I am trying to horizontally autoscale a workload not only by custom metrics but also by algorithm that differs from algorithm described here
1/ is that possible?
2/ if it is not, and assuming i don't mind creating a container that does the autoscaling for me instead of HPA, what API should i call to do the equivalent of kubectl scale deployments/<name> --replicas=<newDesired>
?
here's the use-case:
1/ the workload consumes a single request from a queue, handles them, when done removes the item it handled, and consumes the next message.
2/ when there's more than 0 messages ready - I'd like to scale up to the number of messages ready (or max scale if it is larger). when there's 0 messages being processed - i'd like to scale down to 0.
getting the messages ready/ messages being processed to metrics server is not an issue.
getting HPA to scale by "messages ready" is not an issue either.
but...
HPA algorithm scales gradually... when i place 10 items in queue - it first to 4, then to 8 then to 10.
it also scales down gradually, and when it scales down it can terminate a pod that was processing - thus increasing the "ready" and causing a scale-up.
a node.js code that i would have run had i known the api to call (intead of HPA):
let desiredToSet = 0;
if (!readyMessages && !processingMessages) {
//if we have nothing in queue and all workers completed their work - we can scale down to minimum
//we like it better than reducing slowly as this way we are not risking killing a worker that's working
desiredToSet = config.minDesired;
}
else {
//messages ready in the queue, increase number of workers up to max allowed
desiredToSet = Math.max(Math.min(readyMessages + processingMessages, config.maxDesired), currentDeploymentReplicas);
}
//no point in sending a request to change, if nothing changed
if (desiredToSet !== currentDeploymentReplicas) {
<api to set desiredToSet of deployment to come here>;
}
1) I don't think it's possible.
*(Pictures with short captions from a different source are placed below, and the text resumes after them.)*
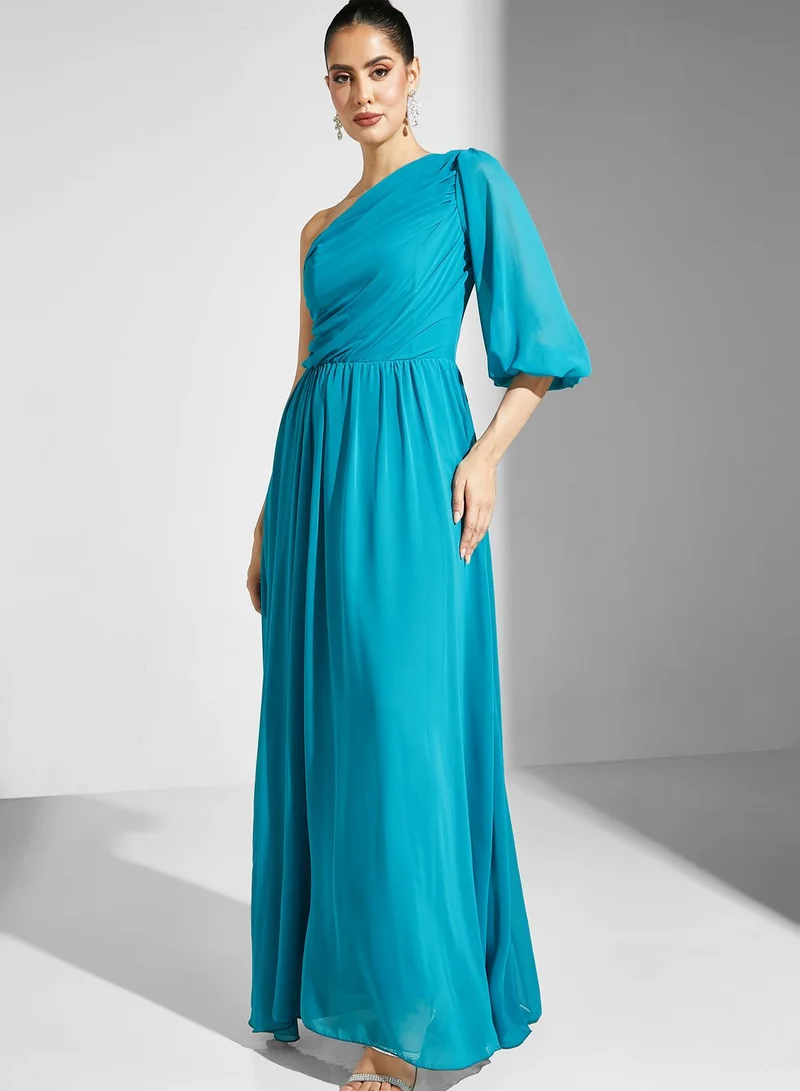 Ella Limited Edition One Shoulder Puff Sleeve Dress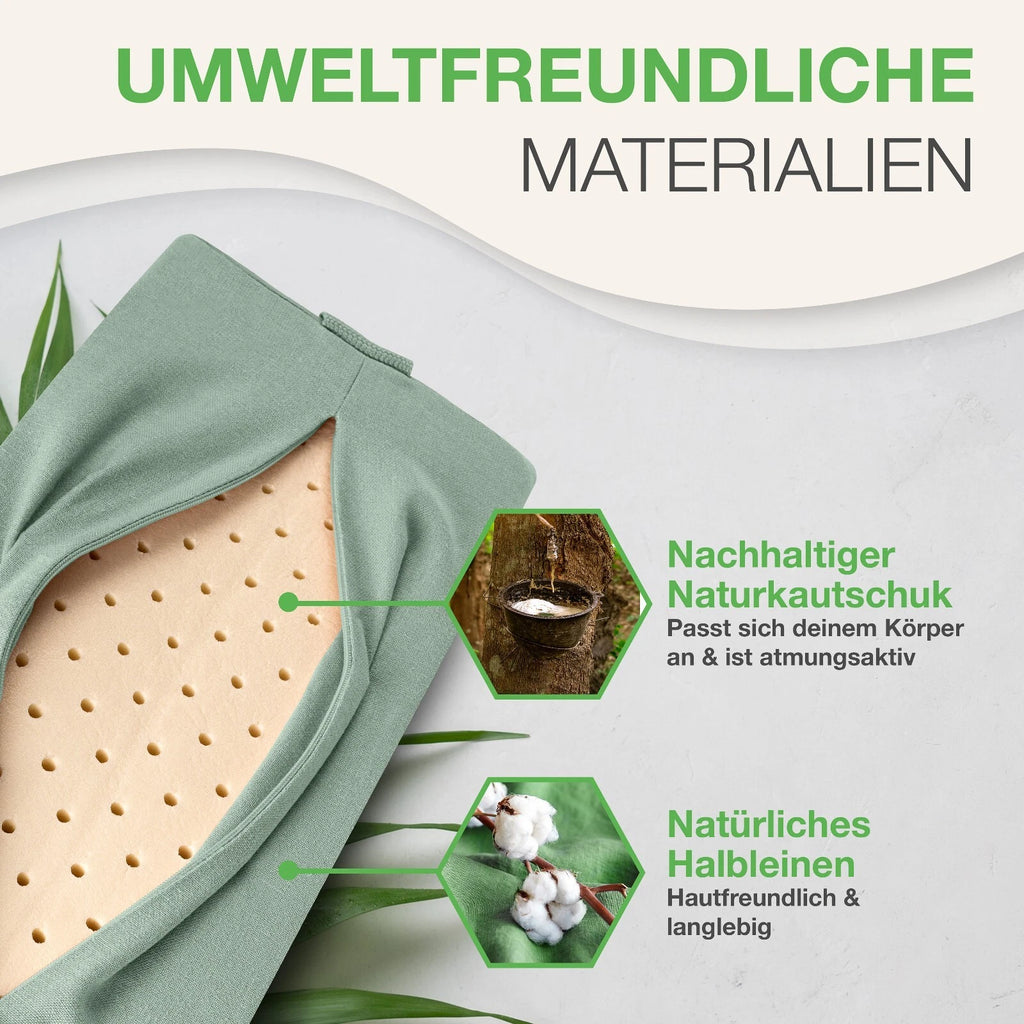 BACKLAxx ® Akupressur Nackenrolle - 2592 Spitzen - mit Befestigungsba<wbr/>nd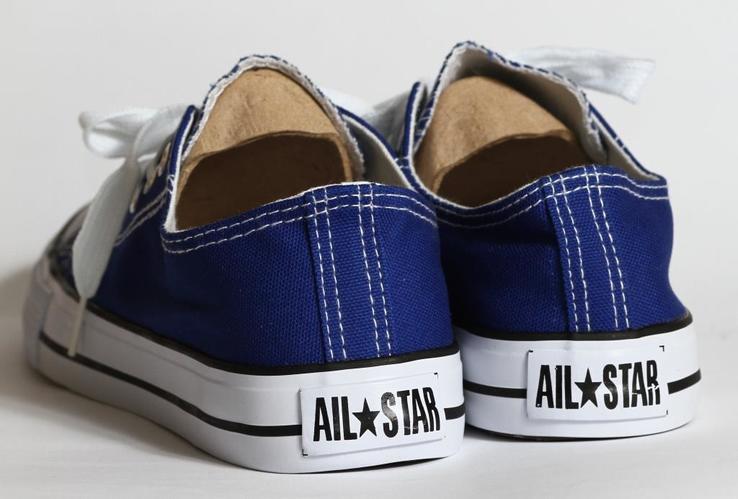 0206 Кеды Converse All Star Цвет Синий 39 размер 24.5 см стелька, фото №8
The HPA controller is built-into Kubernetes and I don't think its algorithm can be extended/replaced.
2) Yes, you can create a custom controller that does the job of the HPA with your own algorithm. To scale the Deployment up and down through the Kubernetes API, you manipulate the Scale sub-resource of the Deployment.
Concretely, to scale the Deployment to a new number of replicas, you make the following request:
PUT /apis/apps/v1/namespaces/{namespace}/deployments/{name}/scale
With a Scale resource (containing the desired replica count) as a body argument, as described in the API reference.